Provided data
+-------+
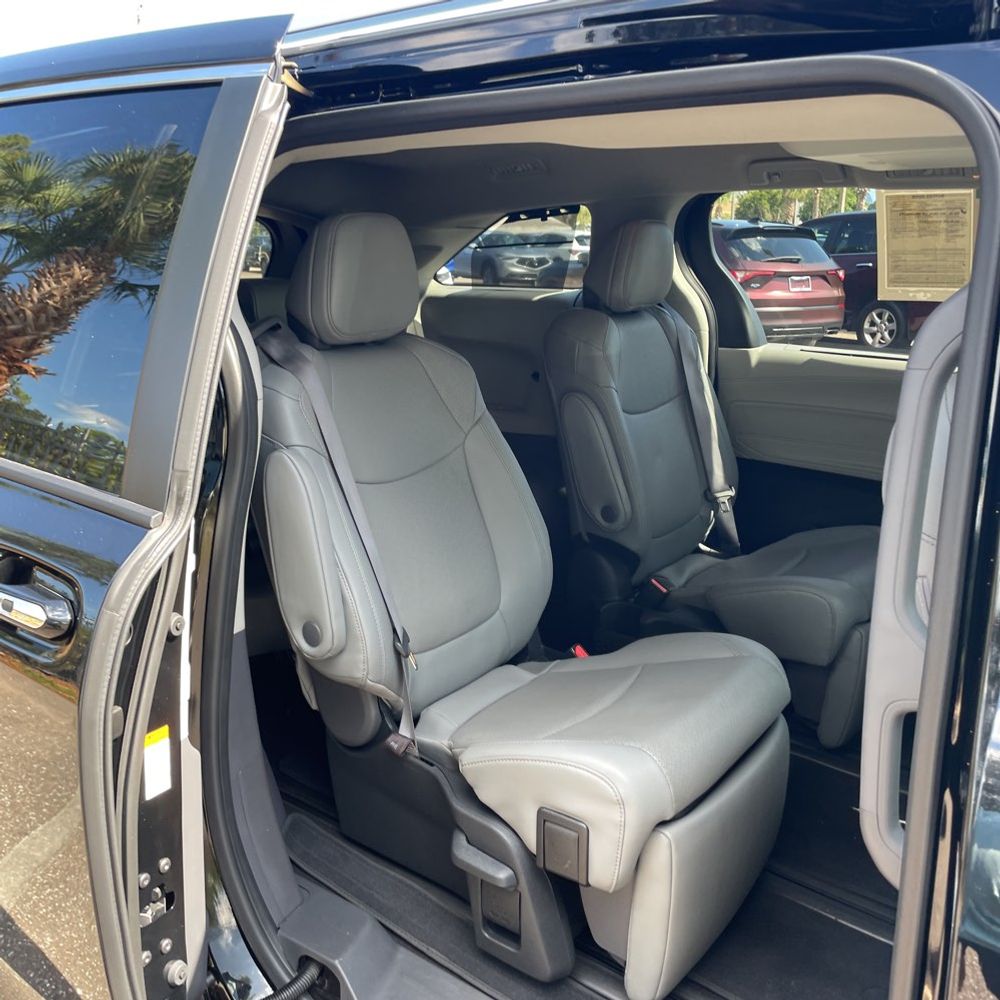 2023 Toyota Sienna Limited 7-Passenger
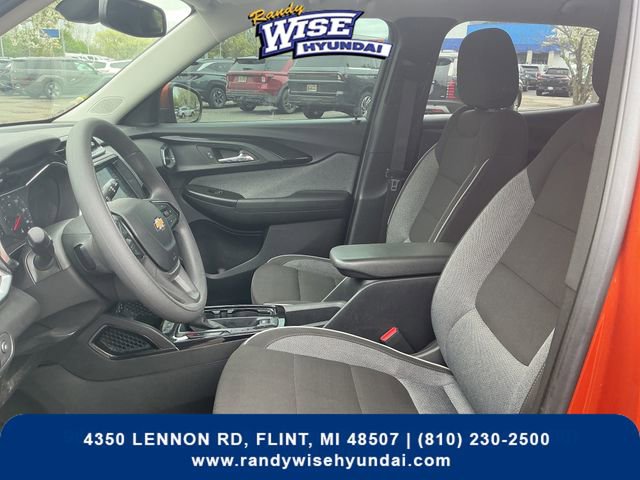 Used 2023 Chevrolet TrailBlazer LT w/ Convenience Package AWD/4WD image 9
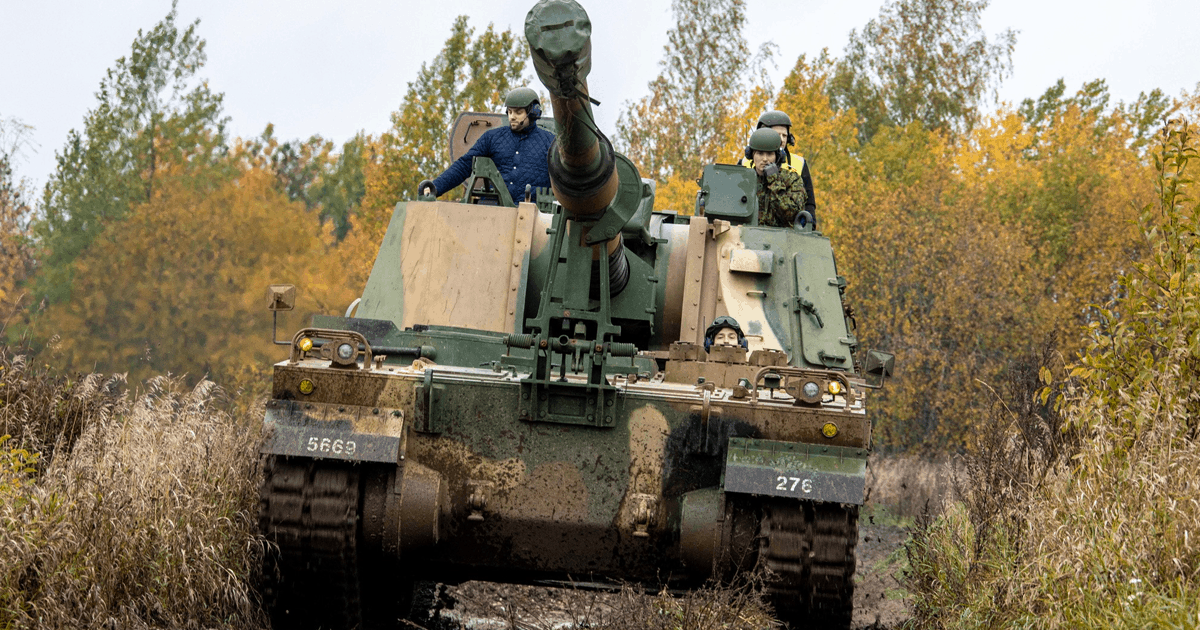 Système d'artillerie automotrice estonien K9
+-------+
Exercise brief
Pictures excluded, quote all the data above exactly.

Result of this task
 2023 Toyota Sienna Limited 7-Passenger
 Used 2023 Chevrolet TrailBlazer LT w/ Convenience Package AWD/4WD image 9
 Système d'artillerie automotrice estonien K9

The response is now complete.